Four former guards at a Kansas City jail have been sentenced to prison terms ranging from two years to nearly four years for beating a handcuffed inmate as a punishment.
The U.S. attorney’s office said in a news release that 30-year-old Travis Hewitt and 34-year-old Jen-I Pulos were sentenced Thursday. Terrance Dooley, 39, and Dakota Pearce, 27, were sentenced last month.
Prosecutors said the victim was detained on the Fourth of July in 2015 on a probation violation in a driving while intoxicated case. He was placed in the medical housing unit of the Jackson County Detention Center because he was experiencing severe symptoms of alcohol withdrawal.
The victim subsequently got into a scuffle with a corrections officer when he attempted to go somewhere he wasn’t supposed to while “clearly disoriented and unaware of his whereabouts,” the release said. When the officer called for help, Hewitt and Pearce, who served as acting sergeants, responded and placed the victim in a holding cell.
Prosecutors said those two and Dooley and Pulos, who served on a team that is responsible for intervening in inmate altercations, were upset that a supervisor decided the victim wouldn’t be placed in a “restraint chair” as a punishment because he was so disoriented. Several hours later, Dooley and Pulos entered the victim’s cell, purportedly to remove a comb that had been fashioned into a “shank.” They then moved him to a holding cell that was out of the range of surveillance cameras, where the four assaulted him as a punishment, with one of the officers standing outside at times as a lookout, the release said.

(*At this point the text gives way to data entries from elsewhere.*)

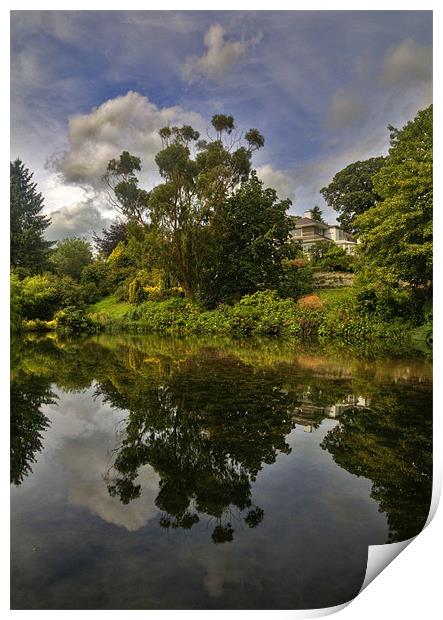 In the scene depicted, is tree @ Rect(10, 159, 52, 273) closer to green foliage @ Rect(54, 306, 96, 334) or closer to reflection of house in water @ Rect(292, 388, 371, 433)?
reflection of house in water @ Rect(292, 388, 371, 433)

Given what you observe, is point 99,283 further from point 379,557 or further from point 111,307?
point 379,557

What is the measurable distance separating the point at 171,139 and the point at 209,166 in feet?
7.75

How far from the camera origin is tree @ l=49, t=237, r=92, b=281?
4.41 metres

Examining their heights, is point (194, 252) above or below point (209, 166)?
below

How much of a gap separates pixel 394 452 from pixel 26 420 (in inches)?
111

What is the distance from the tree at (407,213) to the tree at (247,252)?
18.2 feet

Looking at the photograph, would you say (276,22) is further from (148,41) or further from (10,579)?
(10,579)

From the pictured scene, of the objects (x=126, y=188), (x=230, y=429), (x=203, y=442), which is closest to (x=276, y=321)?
(x=126, y=188)

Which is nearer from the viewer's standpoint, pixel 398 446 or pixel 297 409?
pixel 398 446

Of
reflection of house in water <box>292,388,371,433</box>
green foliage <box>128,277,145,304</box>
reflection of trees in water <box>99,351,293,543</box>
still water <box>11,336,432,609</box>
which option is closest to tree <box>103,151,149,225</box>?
green foliage <box>128,277,145,304</box>

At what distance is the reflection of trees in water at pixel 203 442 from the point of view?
81.2 inches

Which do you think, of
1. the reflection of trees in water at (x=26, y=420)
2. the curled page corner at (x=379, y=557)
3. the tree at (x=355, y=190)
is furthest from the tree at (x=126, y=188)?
the tree at (x=355, y=190)

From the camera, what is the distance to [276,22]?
8.70ft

Doctors found that the inmate had broken ribs, a punctured lung, and bruises on his face. He settled a lawsuit for $437,500 in a case that drew attention to problems at the jail and included an FBI investigation.
Federal jurors found Hewitt and Dooley guilty in October of participating in a conspiracy to deprive the victim of his civil rights and one count of deprivation of rights. The week before the trial, Pearce pleaded guilty to his role in the conspiracy, and Pulos pleaded guilty to the deprivation of rights.
“The sentences handed down in this case show that law enforcement officers who break the law, violate their oaths, and deprive inmates of their civil rights will be held accountable for their actions” said Assistant Attorney General Eric Dreiband of the Civil Rights Division in the news release.